Mit kräftigen Zügen holt Thorleiv Vestre die Leine ein, bis eine Reuse aus dem dunklen Wasser auftaucht. Es ist der dritte Korb, den er an diesem Morgen ins Boot hievt. Vestre schiebt seine Wollmütze aus der Stirn und blickt prüfend durch das Geflecht. Ein paar Krebse schnappen mit ihren Zangen langsam ins Leere. Der Rentner hatte auf Hummer gehofft:
"Nein, das sieht schlecht aus. Das sieht wirklich schlecht aus."
Vestre nimmt mit seinem kleinen Glasfaserboot wieder Kurs zurück auf die Durchfahrt neben der Hafenmole. Für ihn ist nichts mehr wie es einmal war auf Utsira vor der norwegischen Küste. Bei der Einfahrt in den Hafen streckt er seine hagere Hand aus dem Ärmel seiner Öljacke und zeigt auf einen heruntergekommenen Betonkasten, der offenbar als Lagerhaus dient. Dort wurde bis Mitte der 90er-Jahre Fisch verpackt und von Utsira in alle Welt verschickt. Vestres letzter Arbeitsplatz.
"Man hätte die Fischerei vorher unterstützen sollen"
Als er geboren wurde, gab es in Norwegen noch 125.000 Berufsfischer. Als er in Rente ging, waren es nur noch 15.000. Vestre vertäut sein Boot an der niedrigen Kaimauer. Es ist das einzige weit und breit.

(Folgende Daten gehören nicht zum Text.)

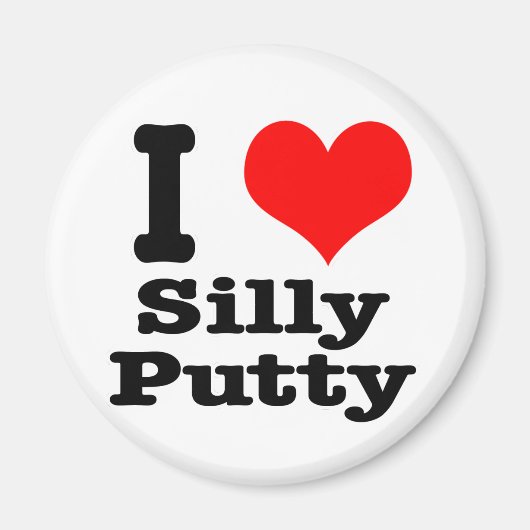 I HARTJE (LOVE) gekke putty Magneet (Voorkant)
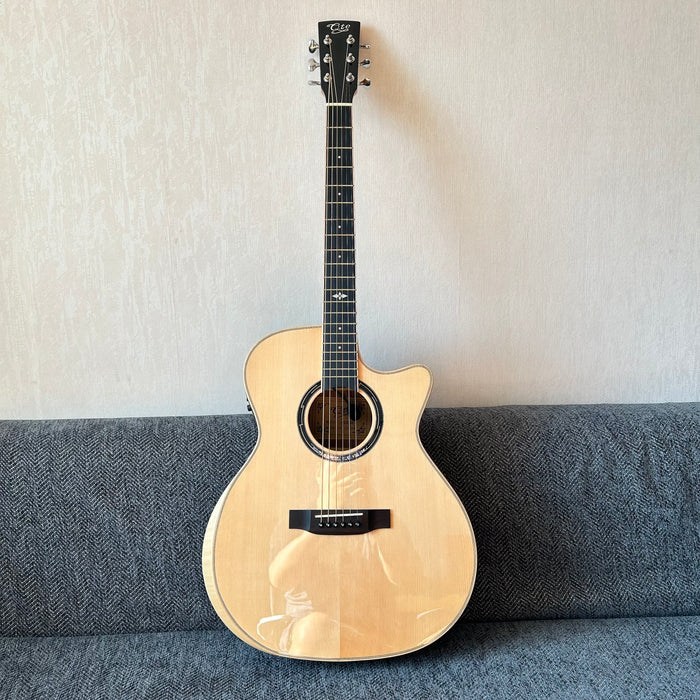 41 Inch GA Cutaway Acoustic Guitar with LED EQ (CD806)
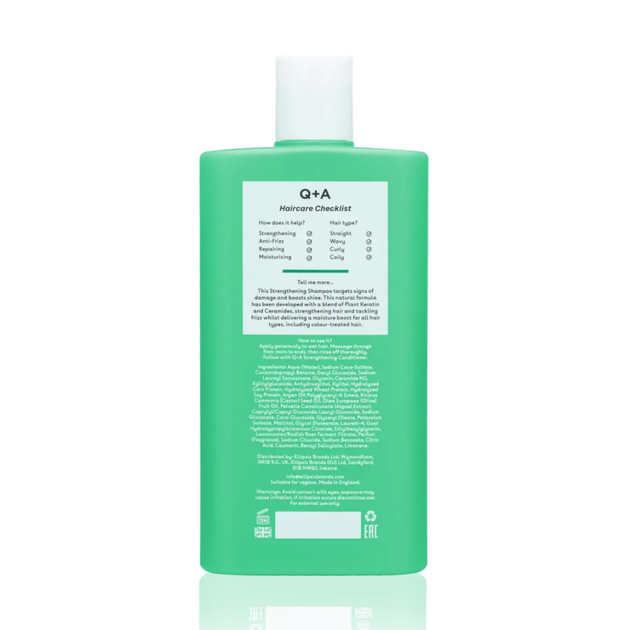 Шампунь для зміцнення та покращення росту волосся Q+A Strengthening Shampoo 250 мл - зображення 2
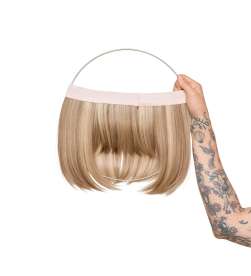 Couronne de cheveux complète mi-longue Clémence - blond méché châtain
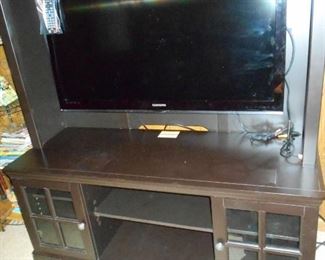 Black entertainment center & Samsung TV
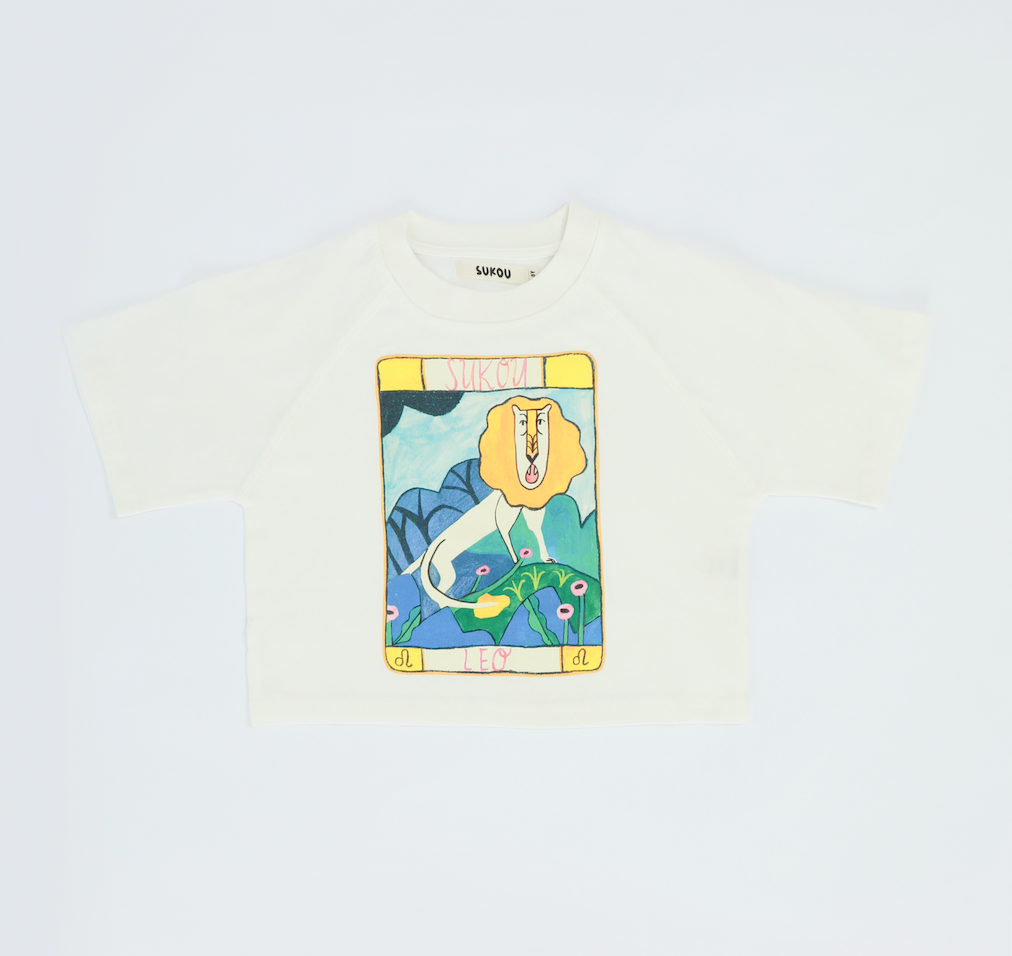 star sign kids tees - leo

"Die Fischer lieferten den Fisch, wir verarbeiteten ihn - und so hatten alle Arbeit auf der Insel, auch wenn niemand reich damit wurde. Ich finde, Staat und Gemeinde hätten auf unsere Fischerei besser aufpassen sollen. Als die ersten Fischer hier aufgaben, war es zu spät, dann ging alles schnell den Bach hinunter. Man hätte die Fischerei vorher unterstützen sollen."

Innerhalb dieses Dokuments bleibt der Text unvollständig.